## Exercise description
Lines to return, exactly: from the line with "Donell Linares quiere seguir jugando bisbol" to the line with "Boucles d'oreilles Dainty" in the entries below, both included.

## Excerpted data
──────────

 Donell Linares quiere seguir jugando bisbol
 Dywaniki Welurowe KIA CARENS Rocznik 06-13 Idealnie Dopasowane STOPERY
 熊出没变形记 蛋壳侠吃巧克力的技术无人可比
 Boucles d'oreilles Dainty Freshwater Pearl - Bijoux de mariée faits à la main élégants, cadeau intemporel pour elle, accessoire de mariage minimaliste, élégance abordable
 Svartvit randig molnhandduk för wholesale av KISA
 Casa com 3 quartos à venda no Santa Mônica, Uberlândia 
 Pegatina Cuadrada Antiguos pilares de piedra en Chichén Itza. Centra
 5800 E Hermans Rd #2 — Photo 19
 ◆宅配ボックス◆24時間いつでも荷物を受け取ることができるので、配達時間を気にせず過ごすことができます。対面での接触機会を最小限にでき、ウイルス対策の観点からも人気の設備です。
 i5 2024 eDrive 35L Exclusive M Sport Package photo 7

──────────

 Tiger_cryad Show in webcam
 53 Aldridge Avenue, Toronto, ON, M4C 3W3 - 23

──────────

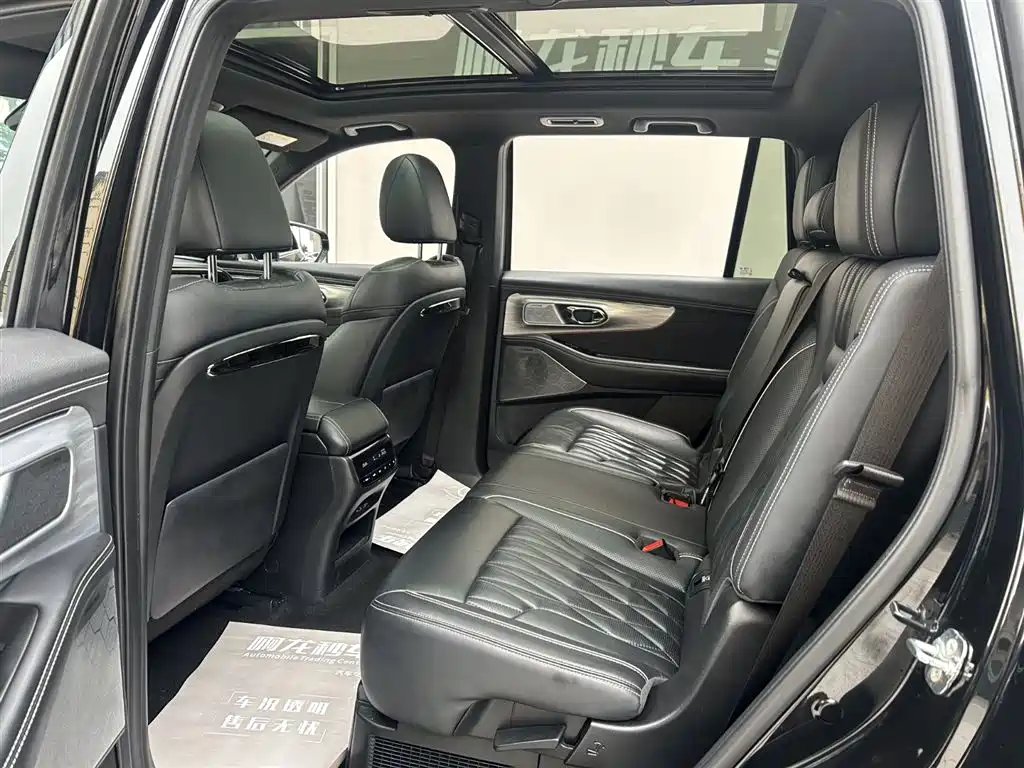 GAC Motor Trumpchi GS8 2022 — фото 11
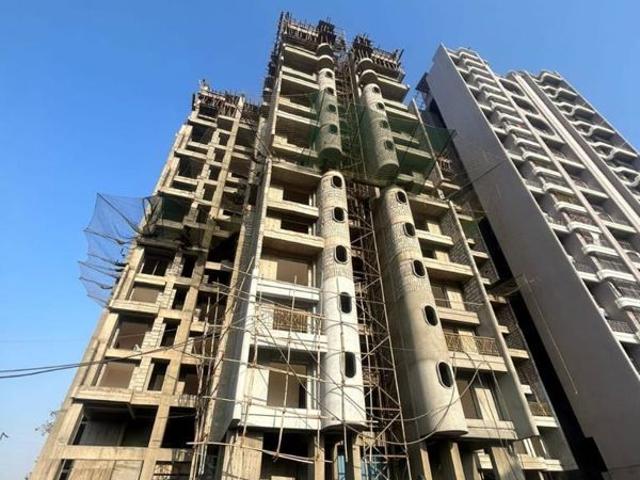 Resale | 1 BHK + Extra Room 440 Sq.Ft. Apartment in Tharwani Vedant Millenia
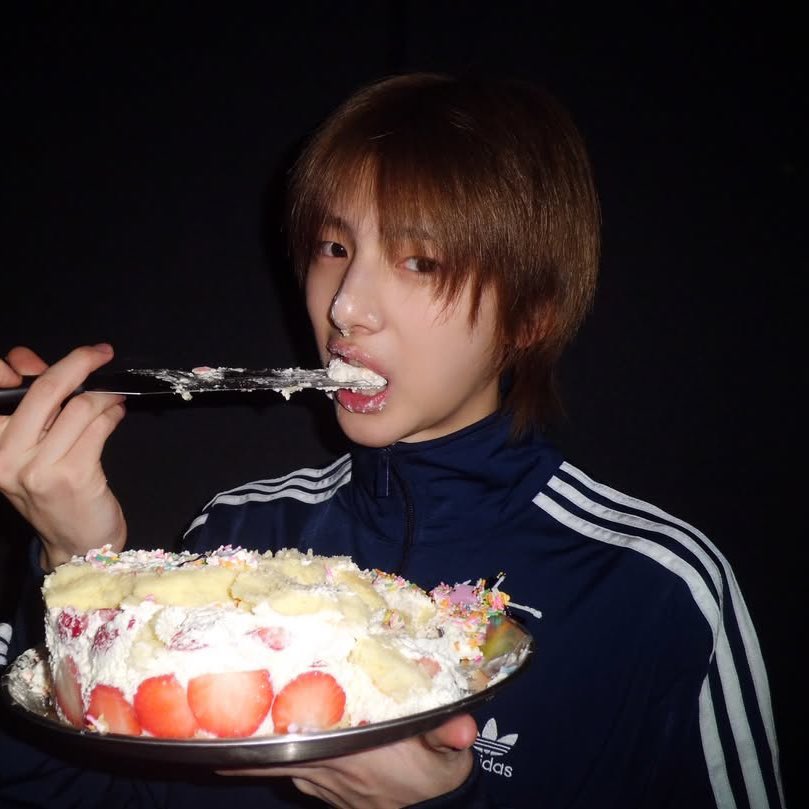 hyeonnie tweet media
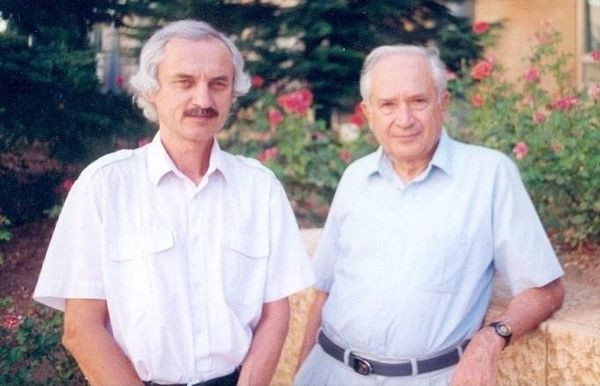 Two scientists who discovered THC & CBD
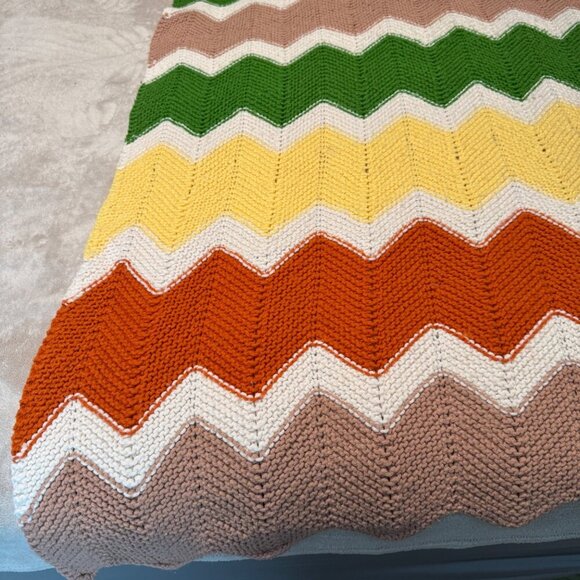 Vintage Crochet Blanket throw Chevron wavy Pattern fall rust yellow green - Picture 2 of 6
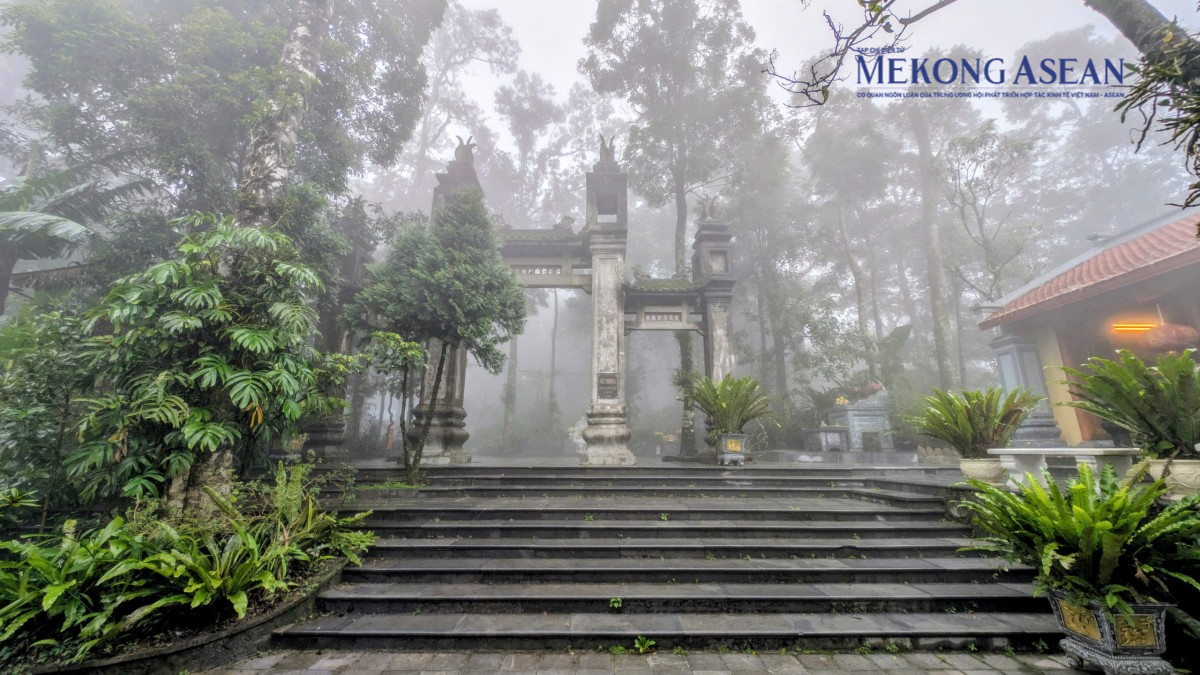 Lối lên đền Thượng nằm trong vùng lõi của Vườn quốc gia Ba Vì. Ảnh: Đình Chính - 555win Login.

──────────

## Problem solution
 Donell Linares quiere seguir jugando bisbol
 Dywaniki Welurowe KIA CARENS Rocznik 06-13 Idealnie Dopasowane STOPERY
 熊出没变形记 蛋壳侠吃巧克力的技术无人可比
 Boucles d'oreilles Dainty Freshwater Pearl - Bijoux de mariée faits à la main élégants, cadeau intemporel pour elle, accessoire de mariage minimaliste, élégance abordable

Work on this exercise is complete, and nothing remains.